** Exercise description **
The entries below contain a line with "Фото 11 - Tank 300" and a line with "Heliocare Duplo Pediatrics Lotion 200 Ml". Quote exactly those two lines and all lines between them.

** Material provided **

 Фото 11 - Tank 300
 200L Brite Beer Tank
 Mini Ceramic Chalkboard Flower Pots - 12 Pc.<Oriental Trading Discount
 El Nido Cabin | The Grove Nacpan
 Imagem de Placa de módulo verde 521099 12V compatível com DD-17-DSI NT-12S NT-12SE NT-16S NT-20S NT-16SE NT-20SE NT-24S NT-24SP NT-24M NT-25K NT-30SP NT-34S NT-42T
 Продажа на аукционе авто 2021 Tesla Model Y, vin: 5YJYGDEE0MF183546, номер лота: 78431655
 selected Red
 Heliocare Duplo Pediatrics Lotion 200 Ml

--

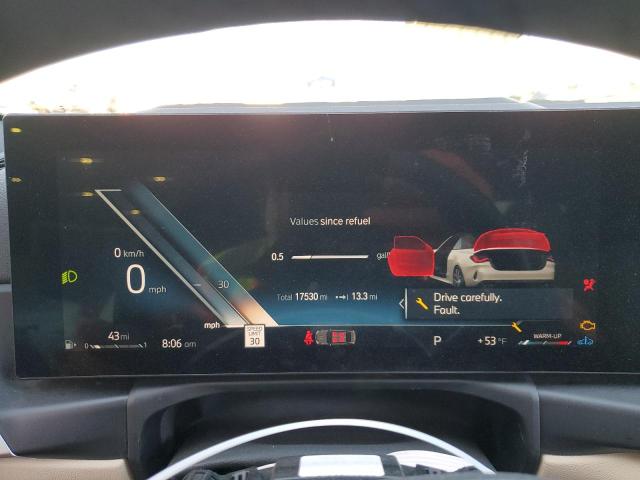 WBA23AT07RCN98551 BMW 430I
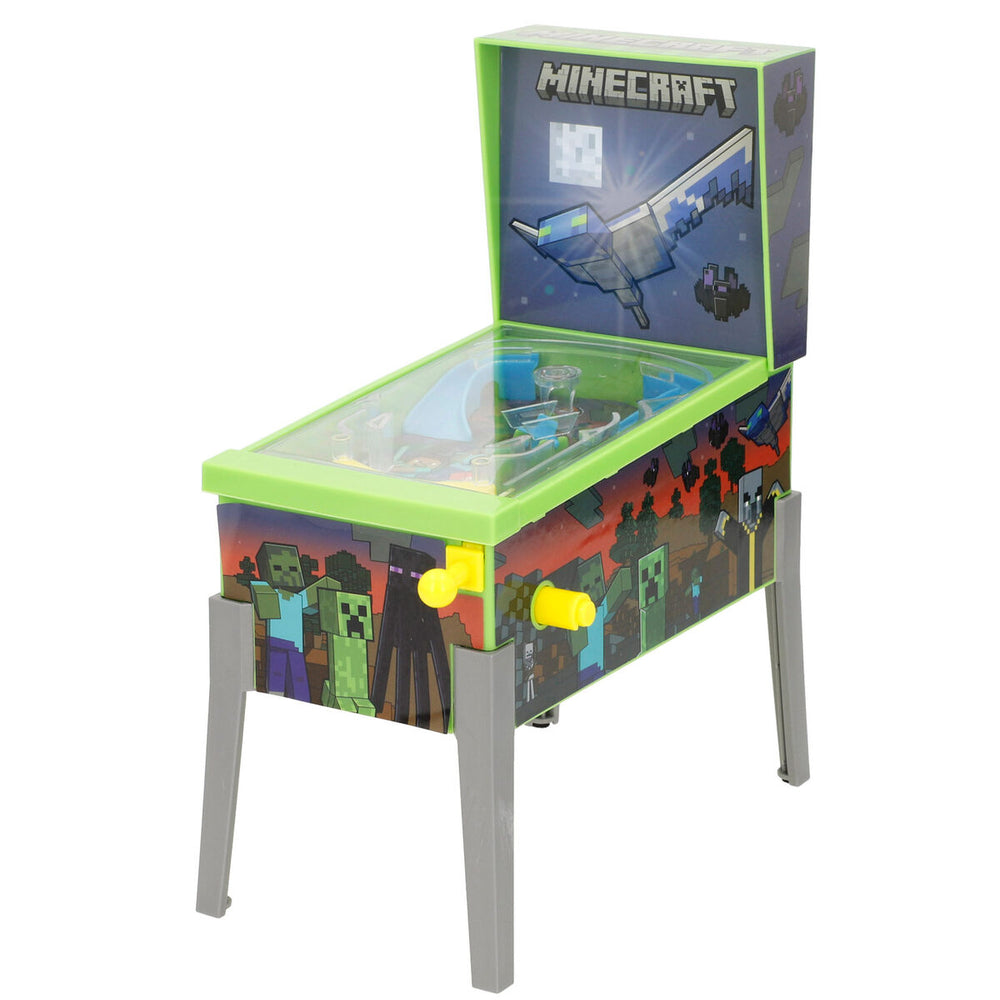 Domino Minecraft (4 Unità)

** Solved problem **
 Фото 11 - Tank 300
 200L Brite Beer Tank
 Mini Ceramic Chalkboard Flower Pots - 12 Pc.<Oriental Trading Discount
 El Nido Cabin | The Grove Nacpan
 Imagem de Placa de módulo verde 521099 12V compatível com DD-17-DSI NT-12S NT-12SE NT-16S NT-20S NT-16SE NT-20SE NT-24S NT-24SP NT-24M NT-25K NT-30SP NT-34S NT-42T
 Продажа на аукционе авто 2021 Tesla Model Y, vin: 5YJYGDEE0MF183546, номер лота: 78431655
 selected Red
 Heliocare Duplo Pediatrics Lotion 200 Ml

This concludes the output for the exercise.